◆ Information shown ◆
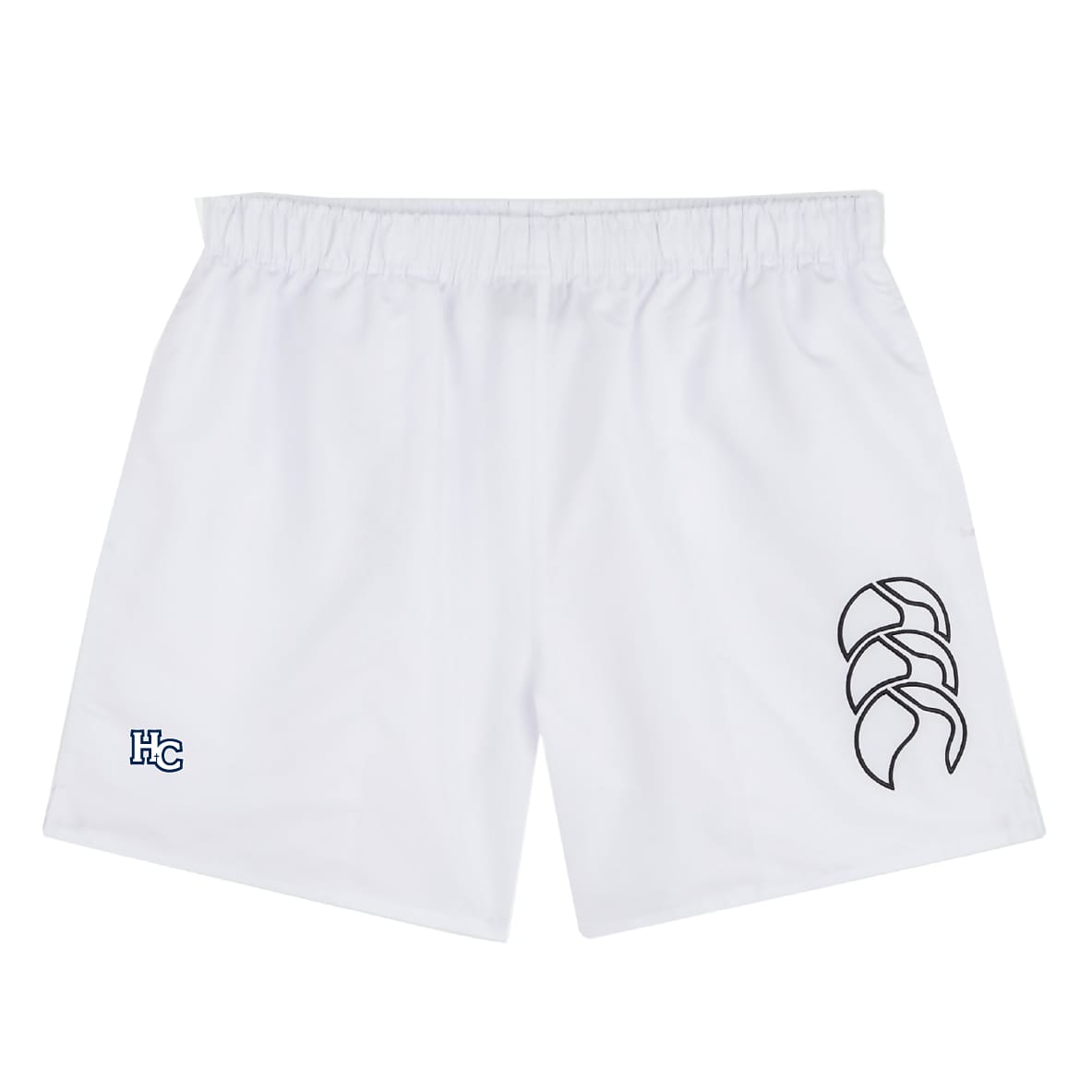 The Holy Cross Tactic Short by EMB Canterbury features an elastic waistband, a black outlined logo on the right leg, and a small blue "HC" logo on the left leg.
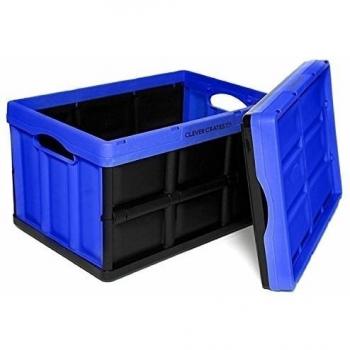 Clever cajas Really Useful cajas, azul, 46 litros, cajas de almacenaje plegable, proporcionando apilables Cajas de almacenamiento de plástico. Ideal para guardar juguetes, zapatero y mucho más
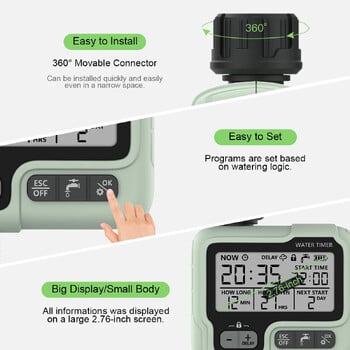 Eshico HCT-322 Automatic Water Timer Garden Ψηφιακή μηχανή άρδευσης Έξυπνος ψεκαστήρας που χρησιμοποιείται σε εξωτερικούς χώρους για εξοικονόμηση νερού και χρόνου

◆ Problem details ◆
Your answer must reproduce exactly the lines from the line with "Clever cajas Really" through the end of the material, both ends included, with every picture dropped.

◆ Task response ◆
 Clever cajas Really Useful cajas, azul, 46 litros, cajas de almacenaje plegable, proporcionando apilables Cajas de almacenamiento de plástico. Ideal para guardar juguetes, zapatero y mucho más
 Eshico HCT-322 Automatic Water Timer Garden Ψηφιακή μηχανή άρδευσης Έξυπνος ψεκαστήρας που χρησιμοποιείται σε εξωτερικούς χώρους για εξοικονόμηση νερού και χρόνου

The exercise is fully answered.